======== Data supplied
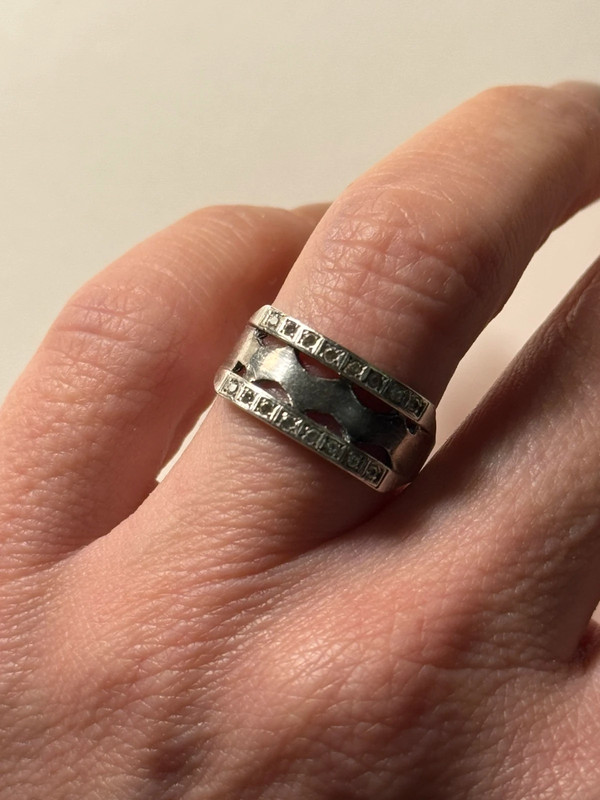 Uk size m1/2 sterling silver ring (#16)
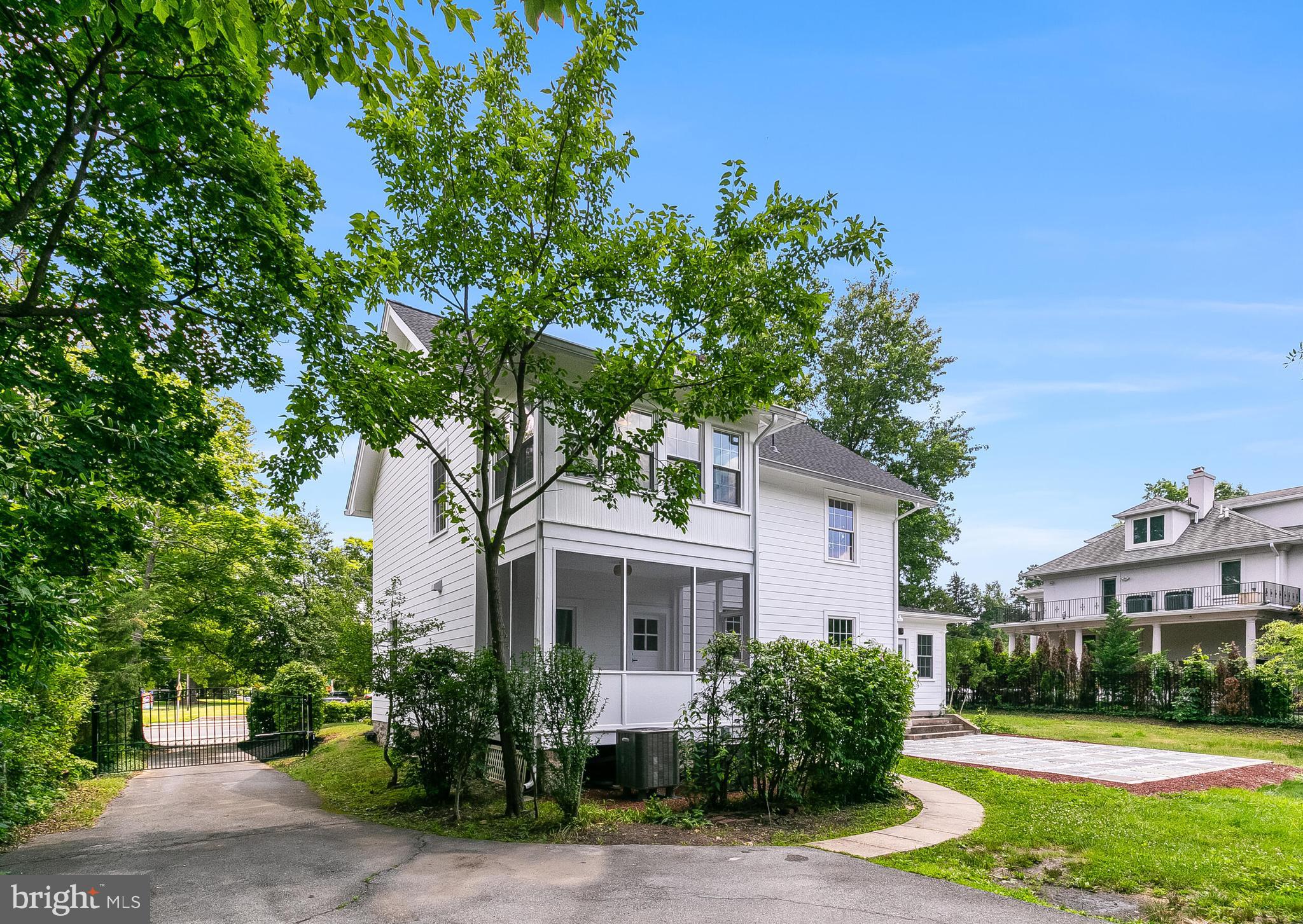 6818 CONNECTICUT AVENUE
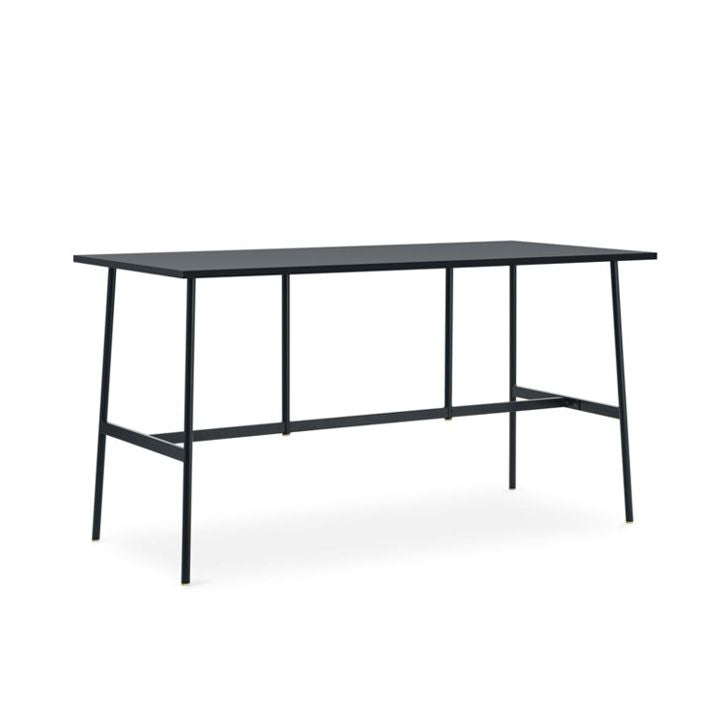Normann Copenhagen UNION -baaripöytä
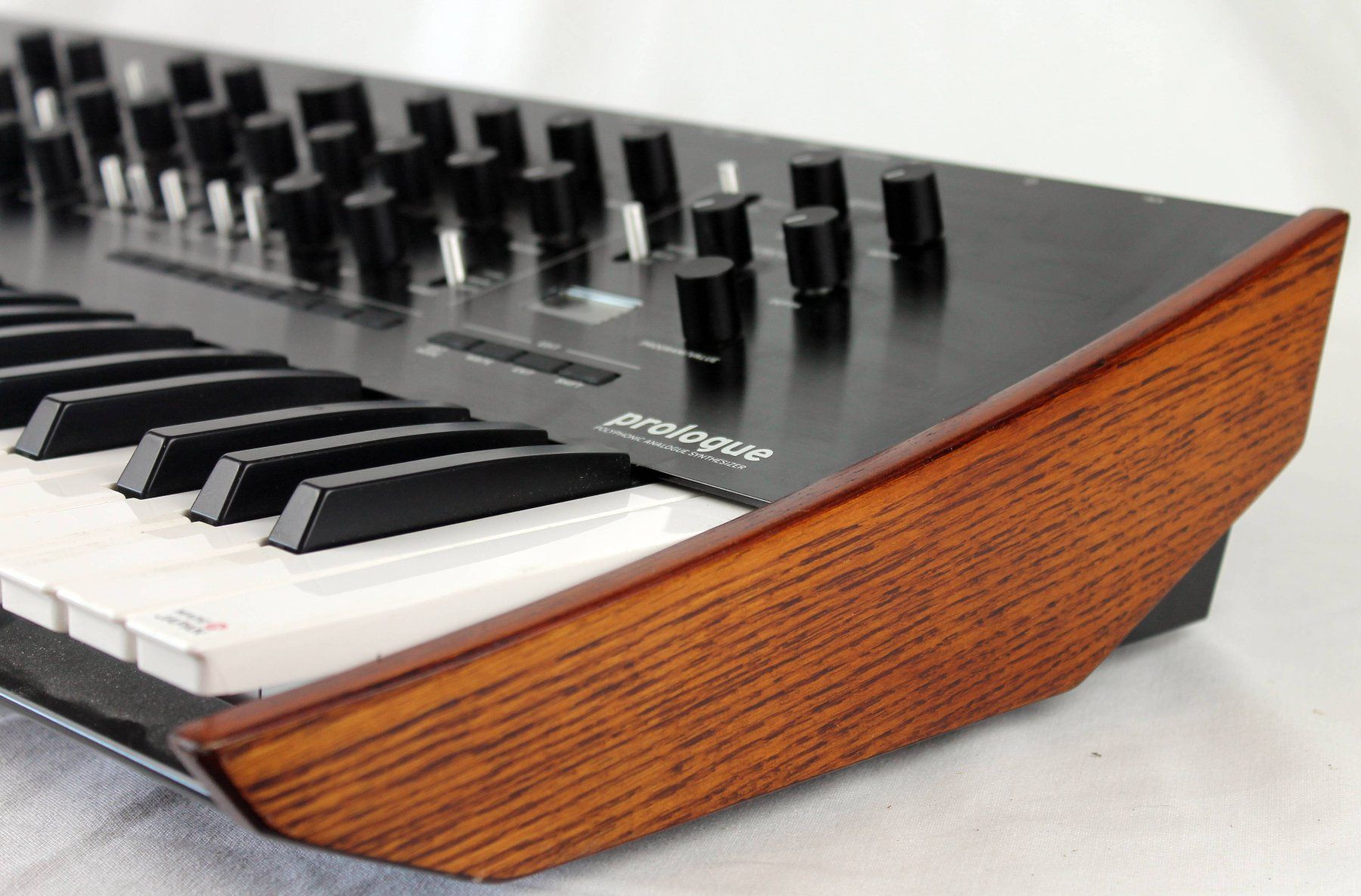 Korg Instruments de musique: Korg Prologue-8 Synthesizer – D'occasion à Reinach BL par bk_brockireinach 2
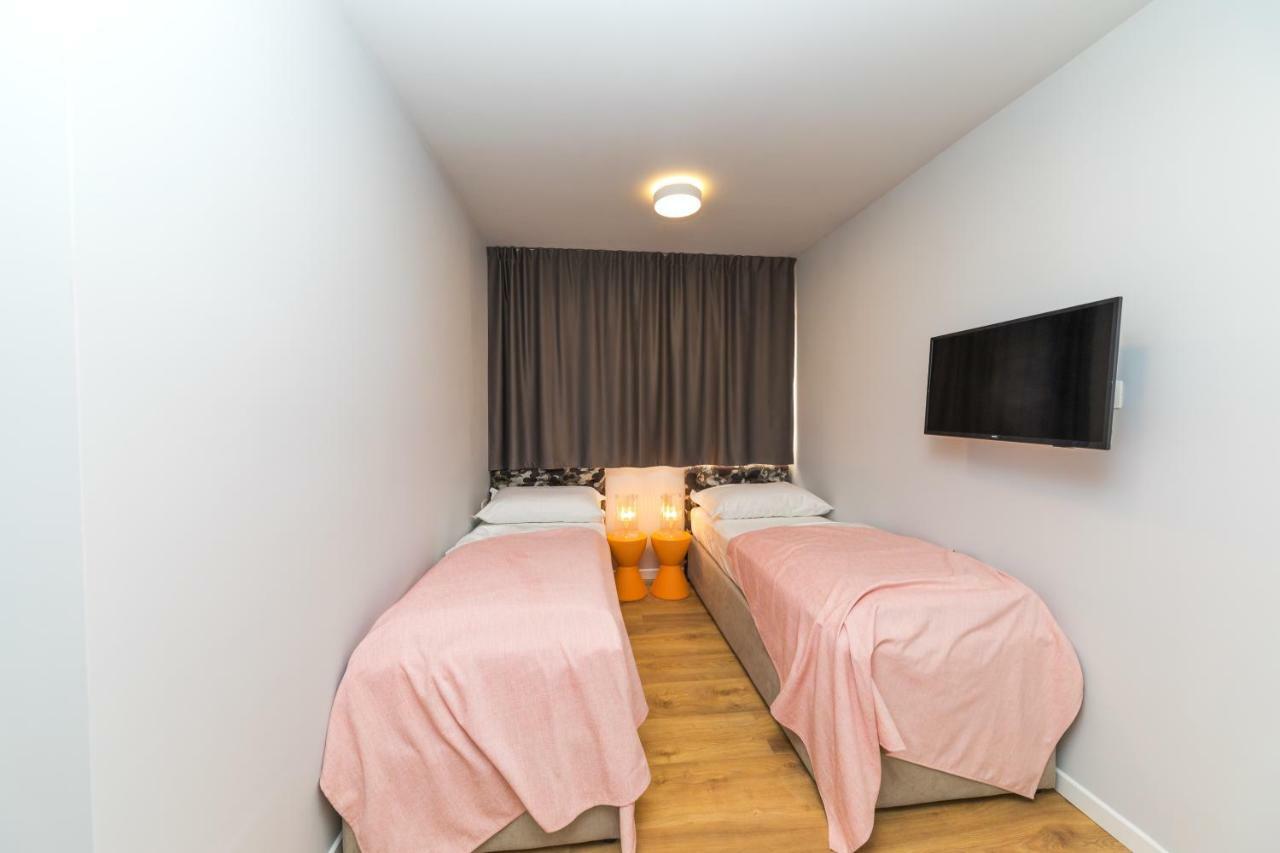 Glow Luxury Apartment With Terrace And Jacuzzi Σπλιτ Εξωτερικό φωτογραφία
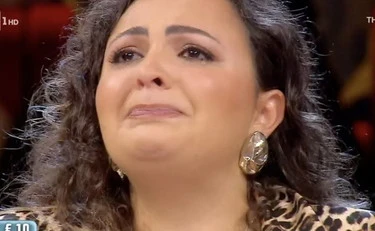 Affari Tuoi, i vergognosi insulti a Vanessa: "Malattia o no, giochi così..."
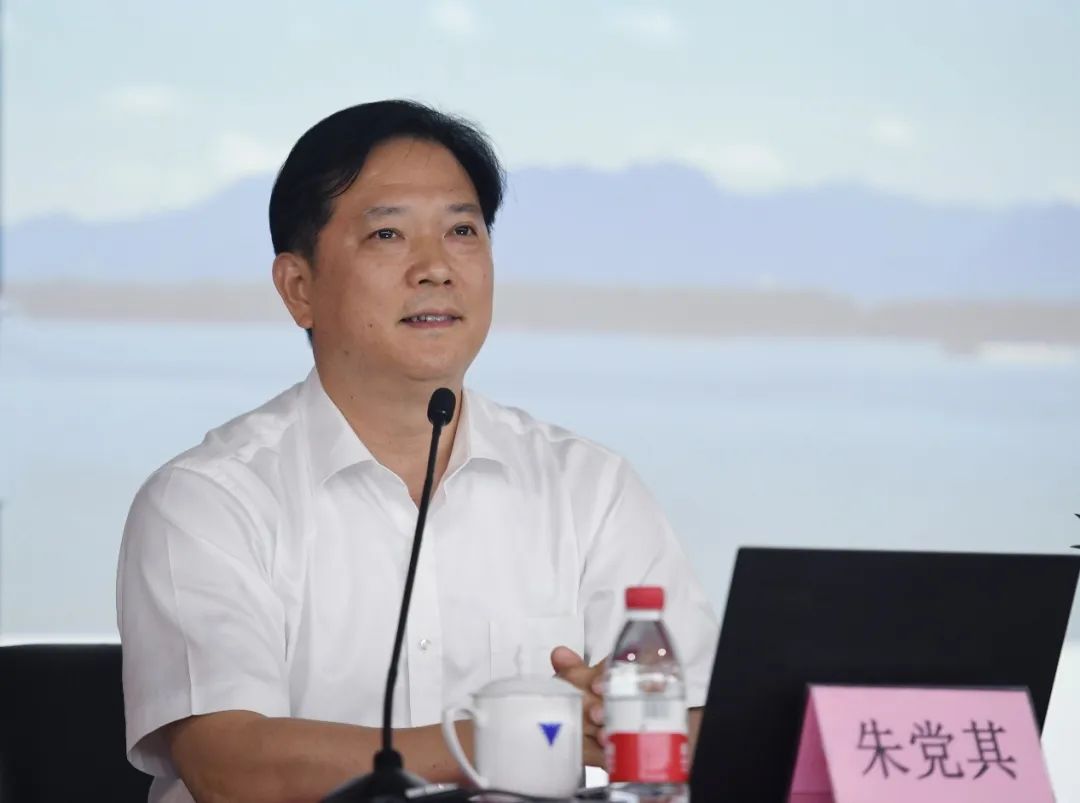 杭州市朱党其最新任免，自然美景探索之旅的领导者变动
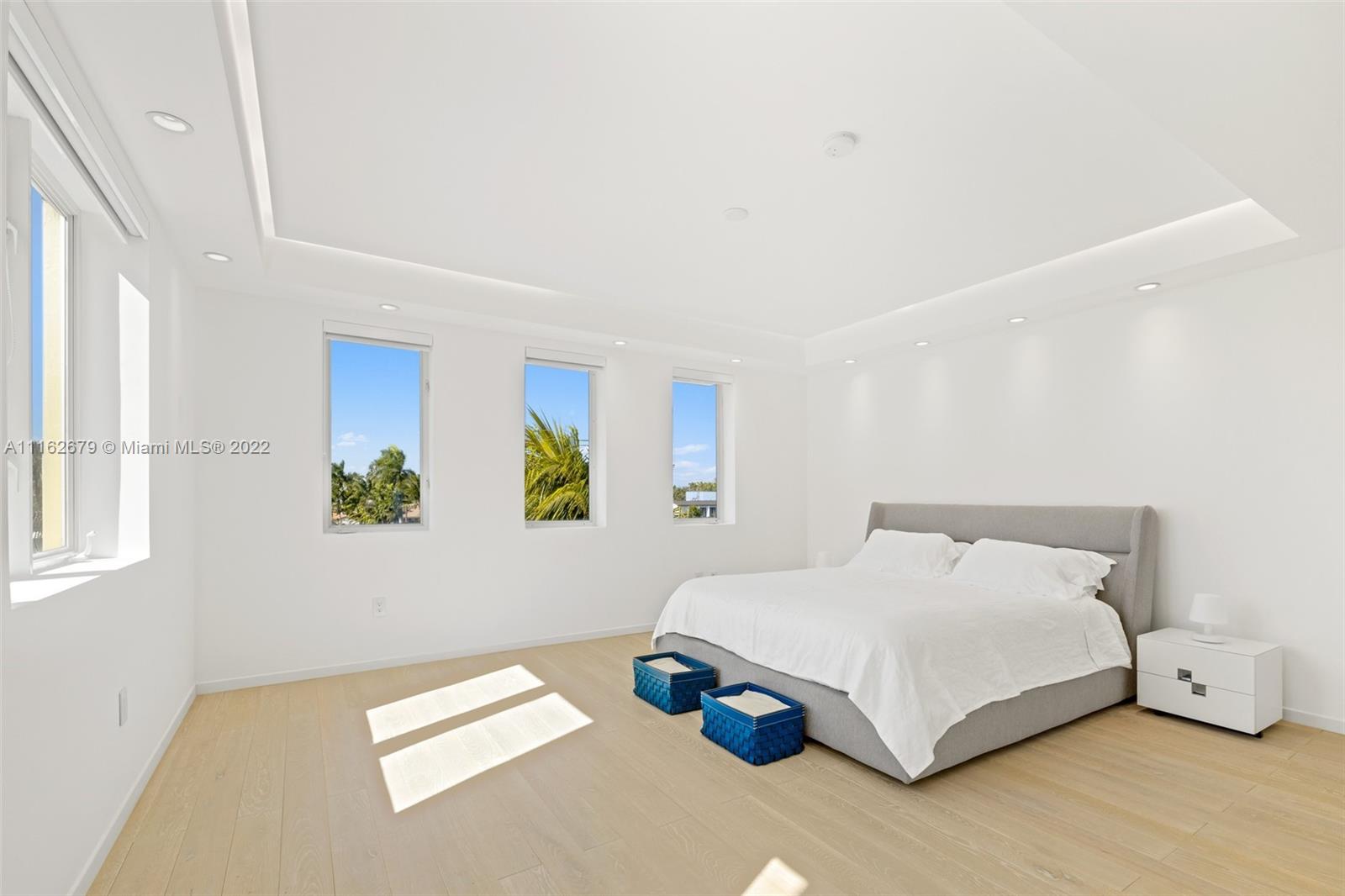 AQUA AT ALLISON ISLAND - Residential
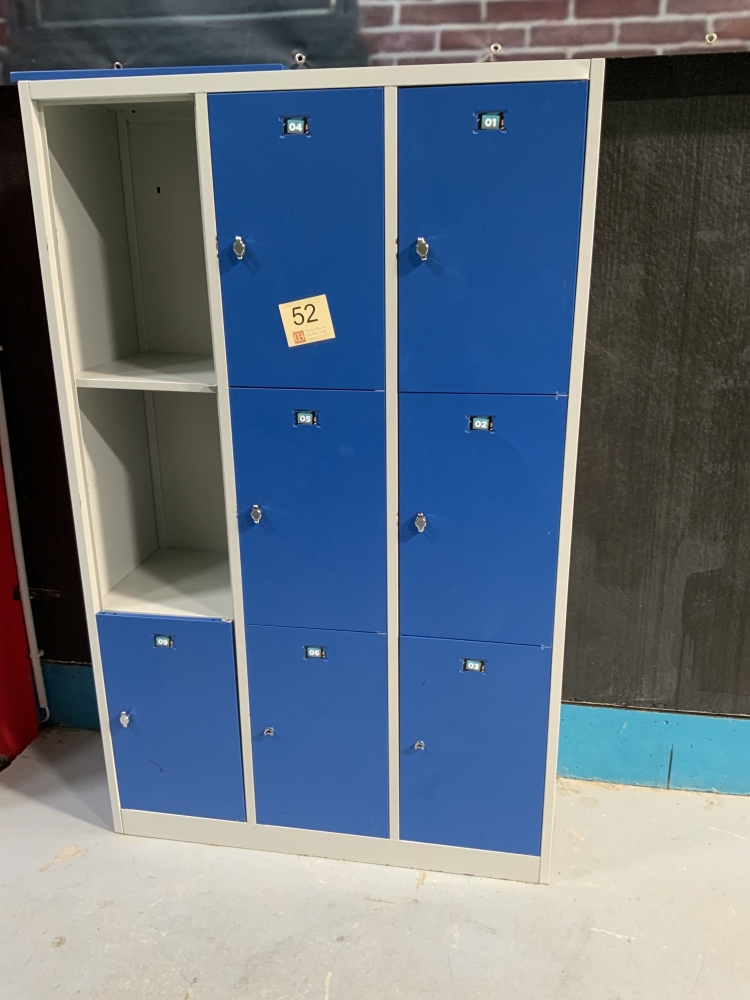 Armoire vestiaire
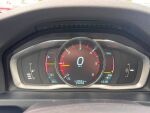 Volvo V60 2014 Punainen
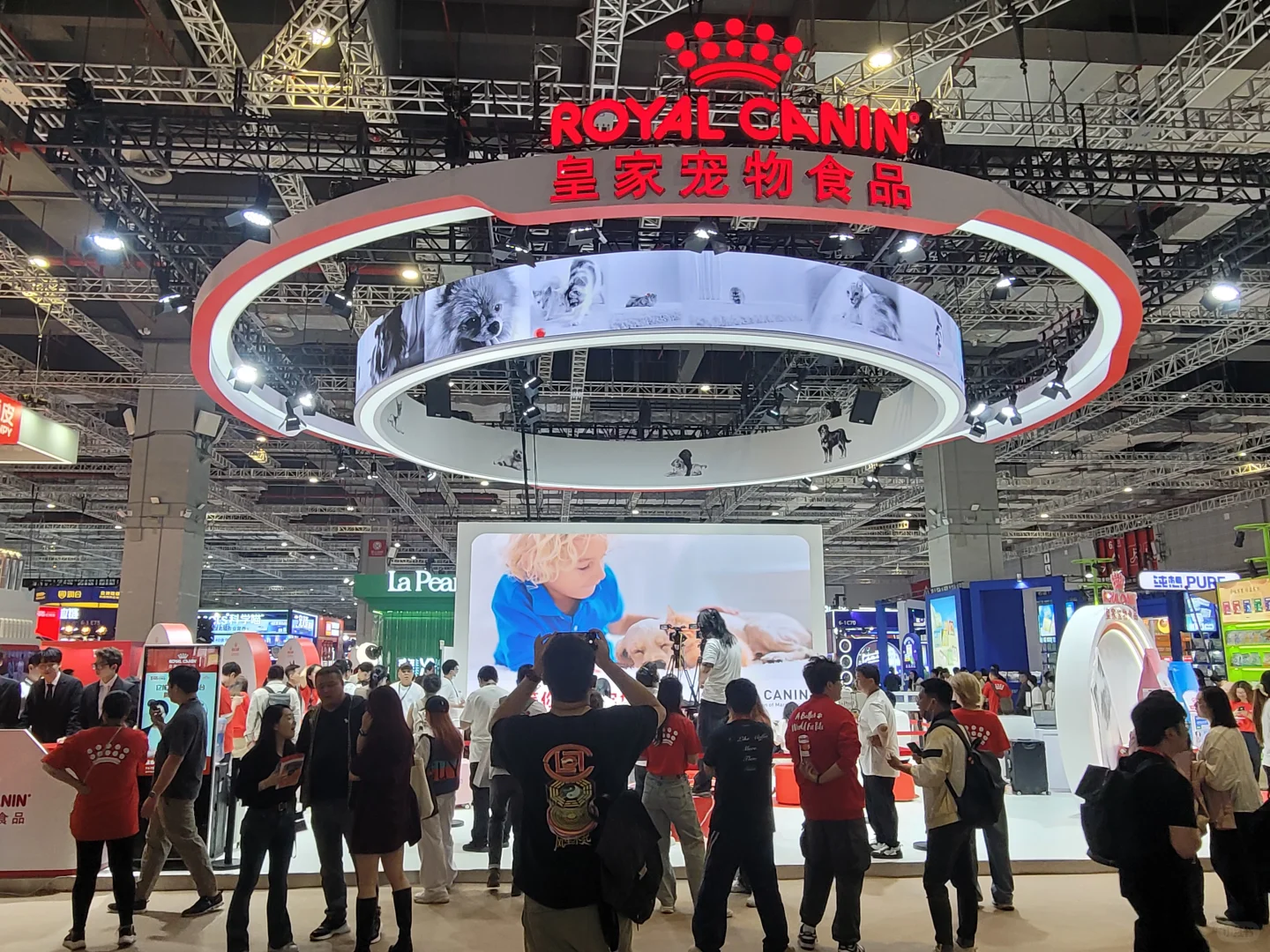 2025上海它博会人山人海，整个行业高速发展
================
[What the exercise asks]: Would you output each entry exactly and leave the pictures behind?

[Answer space]:
 Uk size m1/2 sterling silver ring (#16)
 6818 CONNECTICUT AVENUE
Normann Copenhagen UNION -baaripöytä
 Korg Instruments de musique: Korg Prologue-8 Synthesizer – D'occasion à Reinach BL par bk_brockireinach 2
 Glow Luxury Apartment With Terrace And Jacuzzi Σπλιτ Εξωτερικό φωτογραφία
 Affari Tuoi, i vergognosi insulti a Vanessa: "Malattia o no, giochi così..."
 杭州市朱党其最新任免，自然美景探索之旅的领导者变动
 AQUA AT ALLISON ISLAND - Residential
 Armoire vestiaire
 Volvo V60 2014 Punainen
 2025上海它博会人山人海，整个行业高速发展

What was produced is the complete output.